Extraído de Un Vallekano en Rumanía
(http://imbratisare.blogspot.com)
Alexandru Sahia nació en la provincia de Dambovita, en la Rumania de 1908, teniendo una vida breve, muriendo en 1937. Pese a esa muerte prematura (no tenía treinta años), fue considerado como un exponente de la generación de escritores y periodistas de entreguerras comprometidos con la lucha contra el fascismo y a favor de la lucha de la clase trabajadora por su emancipación. No obstante, fue militante del Partido Comunista de Rumania y miembro fundador de la Asociación de Amigos de la Unión Soviética.

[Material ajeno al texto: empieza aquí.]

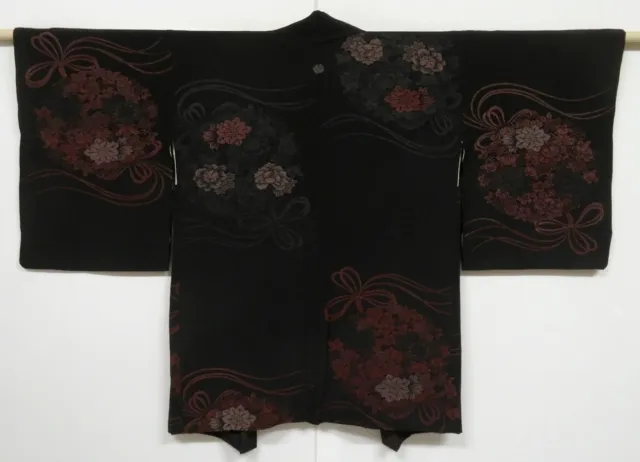 1203N05z580 Vintage Japanese Kimono Silk HAORI Black Flowers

Igualmente, fue el primer escritor rumano que dejó por escrito su experiencia de su viaje a la URSS en 1934, con motivo de un encuentro de escritores antifascistas celebrado aquel año en Moscú.
Hábil y decidido en el ejercicio de la función periodística, aunque su producción no fue abundante, obras como Rebelión en el puerto, que traducimos al castellano en esta entrada, La usina viviente o Lluvia de junio, han sido estimadas como ejemplos clásicos de una literatura de inspiración proletaria.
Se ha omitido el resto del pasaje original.